PKCE for Secured Applications

Application grant types aka flows are methods by which a client application can gain tokens so as to get a limited access on a protected resource.

There are lots of flows that are used by the techie community. PKCE is one of the best practiced flow that fits well on mobile and Single Page Applications (SPAs). It can be seen as an extension of Authorization code flow (well suited for any applications that can securely store it’s client secret key value). In contrast to authorization code flow, PKCE is well suited for applications that cannot keep it’s client secret key safe.
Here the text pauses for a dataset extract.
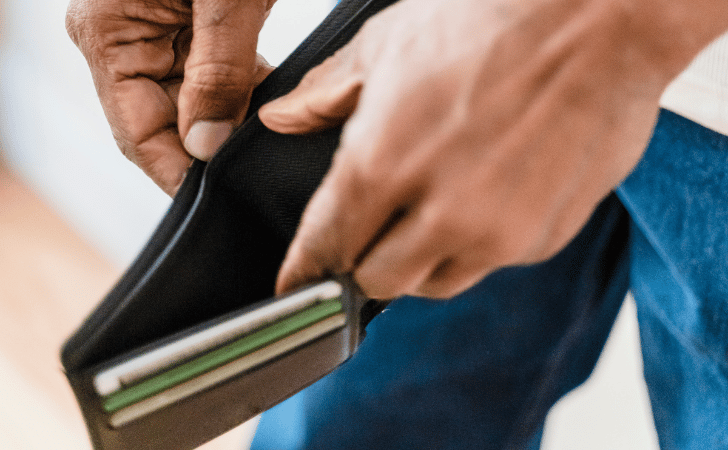 close up of man with hands inside an empty wallet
Of course, there is another flow, which is called implicit flow that was recommended earlier for native apps and SPAs in which the access token is directly provided as a query parameter in response to a successful login along with the redirect URL, without an extra code exchange step. Now it is considered as deprecated because there is no guarantee whether the access token is received by the client application or not. A malicious code can intercept and get the tokens from the URL itself.
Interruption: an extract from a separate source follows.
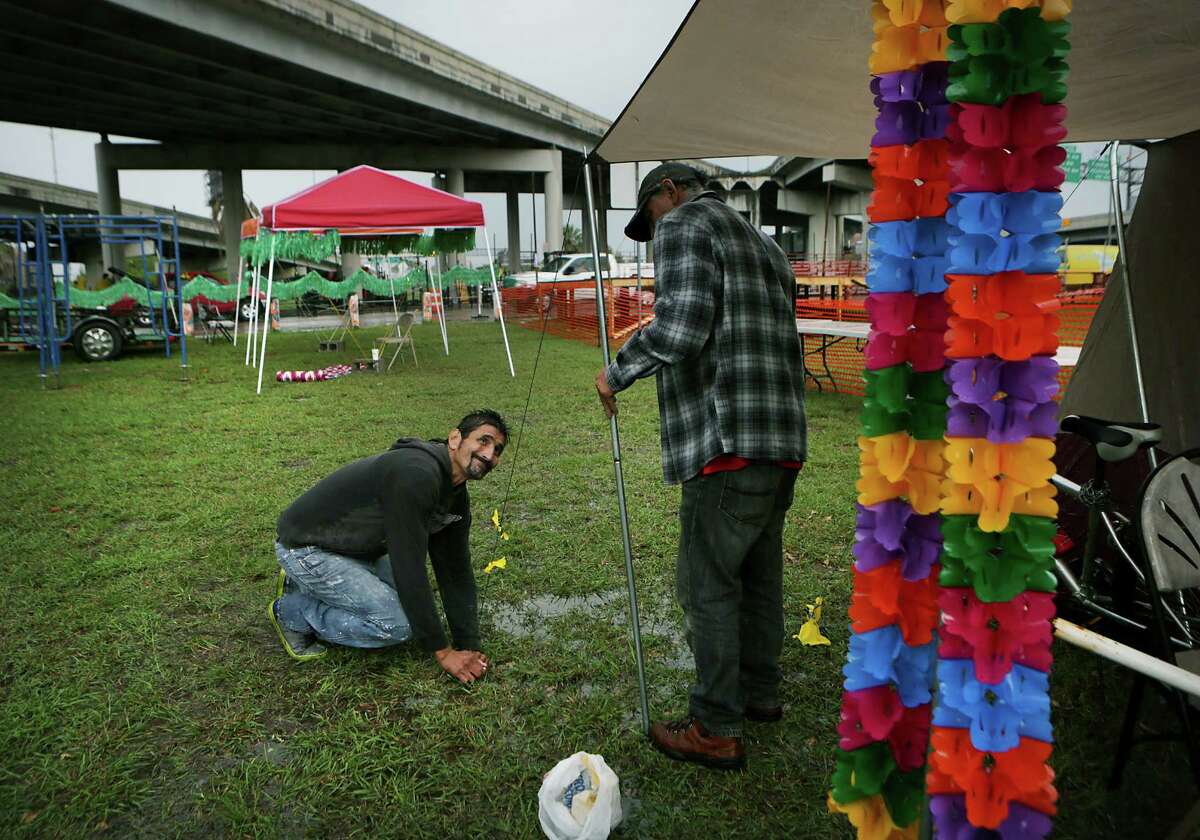 Danny Garcia (left) and Ricardo Garza, his uncle, set up tents in the rain along the Fiesta parade route on Broadway under U.S. 281.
Well, then how PKCE overcome this issue? You can think of PKCE as an authorization code flow technique except that it uses a variable key instead of a static secret key of the client application. In PKCE flow client application sends a code challenge value in order to request an authorization code which will be preserved by the Authorization Server for later verification. The code challenge value is created using code verifier value in a particular manner. In order to request a token, in exchange of the code, the code verifier value is sent to the authorization server. Authorization Server, by comparing the code challenge value and code verifier value, confirms that the application is the legitimate one so that it can exchange the token with it. In case if we were using the static secret key, it will be easy for any malicious code that has the client id and client secret to pretend itself as the original client and request a token exchange for the code that can be obtained by the URL. As we use a random code challenge and code verifier values that are very hard to guess, the PKCE flow resolves the above mentioned issue. How to achieve this randomness is a key topic which will be covering in the upcoming sections below.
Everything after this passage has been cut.